The full WebPageTest can be seen below:
setCookie https://www.gov.uk/ cookies_policy={"essential":true,"settings":true,"usage":true,"campaigns":true}
setCookie https://www.gov.uk/ cookies_preferences_set=true
setCookie https://www.gov.uk/ global_bar_seen={"count":999,"version":8}
addHeader x-bypass-transform:true
overrideHost www.gov.uk govuk-worker-example.workers.dev
navigate %URL%
Note: govuk-worker-example.workers.dev
isn't a real domain, just an example placeholder.
The x-bypass-transform:true
header allows us to bypass the transformation and capture a baseline that itself is passed through the worker but unmodified.
Cookies have been set in order to accept the cookie banner for all tests.
Page setup
The News and Communication page was chosen as it displayed the issue from the original hypothesis, and also has a large DOM structure. So the issue could be clearly seen. It is possible to use any page, but because of the nature of the workers and how they modify the HTML using CSS selectors, they can be quite flakey if you are relying on the basic ordering of elements on a page e.g. removing the 7th script element on a page (body > script:nth-of-type(7)
).
Browser setup
I decided to test pages in Chromium under a 3G Fast connection on a desktop device and also a real Moto G4 device (located in Dulles, USA). This should give us more of an idea as to "real world" performance.
Results Chrome Desktop - 3G Fast
Baseline (run through worker, no transform)
Chrome Desktop (run through worker, with HTML transforms applied)
Comparing the charts above it is possible to see the JS has been shifted forwards, and in doing so it is requested in the middle of the highest priority CSS. The CSS and JS will now be competing for limited bandwidth (3G Fast connection).
Visual Impact
Here we compare both tests with each other:
As you can see from the filmstrip and the visual progress there's been some improvement to the rendering of the font, but nothing substantial under these conditions. Looking at the visual progress graph we can actually see that the baseline started to render sooner than our transformed version.
Results Moto G4 Mobile - 3G Fast
Baseline (run through worker, no transform)
Chrome Desktop (run through worker, with HTML transforms applied)
In these two tests we can see in both cases that the requests all start at a similar time, but the real difference is the interleaving between CSS & JS once the scripts are moved into the head with the defer
attribute. At this point these resources are competing for limited bandwidth.
Visual Impact
Here we compare both tests with each other:
As you can see above the impact of moving the scripts to the <head>
and adding defer
has made a huge negative impact on performance. First paint is 500ms slower after modifications to the page are applied. A device with limited memory / CPU and bandwidth is having share these resources the best it can. The bandwidth being allocated between CSS and JS delays the download and parsing of all the CSS, which in turn delays the creation of the render tree.
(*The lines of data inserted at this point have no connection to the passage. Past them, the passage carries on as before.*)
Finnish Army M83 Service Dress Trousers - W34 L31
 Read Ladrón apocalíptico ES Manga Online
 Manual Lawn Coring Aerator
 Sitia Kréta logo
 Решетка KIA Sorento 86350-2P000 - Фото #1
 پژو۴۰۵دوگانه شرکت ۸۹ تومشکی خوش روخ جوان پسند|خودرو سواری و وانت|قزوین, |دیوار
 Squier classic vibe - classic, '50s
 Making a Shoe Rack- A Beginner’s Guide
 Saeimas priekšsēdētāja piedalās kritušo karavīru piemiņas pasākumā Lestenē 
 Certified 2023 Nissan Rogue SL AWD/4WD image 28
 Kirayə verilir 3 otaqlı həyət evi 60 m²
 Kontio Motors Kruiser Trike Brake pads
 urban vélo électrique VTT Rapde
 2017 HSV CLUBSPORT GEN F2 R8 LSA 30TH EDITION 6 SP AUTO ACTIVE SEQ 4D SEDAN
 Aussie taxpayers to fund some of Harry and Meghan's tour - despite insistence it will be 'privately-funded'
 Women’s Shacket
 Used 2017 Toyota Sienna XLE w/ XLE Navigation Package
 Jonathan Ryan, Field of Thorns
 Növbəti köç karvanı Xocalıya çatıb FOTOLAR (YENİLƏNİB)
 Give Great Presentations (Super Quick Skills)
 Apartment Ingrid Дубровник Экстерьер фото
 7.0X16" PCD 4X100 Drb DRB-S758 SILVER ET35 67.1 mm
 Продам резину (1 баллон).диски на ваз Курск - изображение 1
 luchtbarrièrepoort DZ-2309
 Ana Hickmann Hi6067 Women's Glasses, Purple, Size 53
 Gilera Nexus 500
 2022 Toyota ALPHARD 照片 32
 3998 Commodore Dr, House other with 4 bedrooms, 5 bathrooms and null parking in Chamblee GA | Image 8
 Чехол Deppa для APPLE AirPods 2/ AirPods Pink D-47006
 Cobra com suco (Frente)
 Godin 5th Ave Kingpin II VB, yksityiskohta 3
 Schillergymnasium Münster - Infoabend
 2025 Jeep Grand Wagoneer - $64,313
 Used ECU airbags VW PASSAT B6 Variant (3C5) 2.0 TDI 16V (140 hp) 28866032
No render tree = nothing painted to the screen.
Conclusion
From these two sets of tests it is clear to see that it isn't just as clear cut as moving scripts into the head and adding defer
will always result in improved performance. In fact in some cases it looks to actually hinder performance.
Recommendation
My recommendation off the back of this testing is to keep the tag_mover.rb
processor in place, but factor in some additional functionality to allow developers to exclude certain scripts if required. E.g. via the addition of a data attribute. This would then give the flexibility to keep certain scripts in the head when required, and also mean the current functionality isn't broken.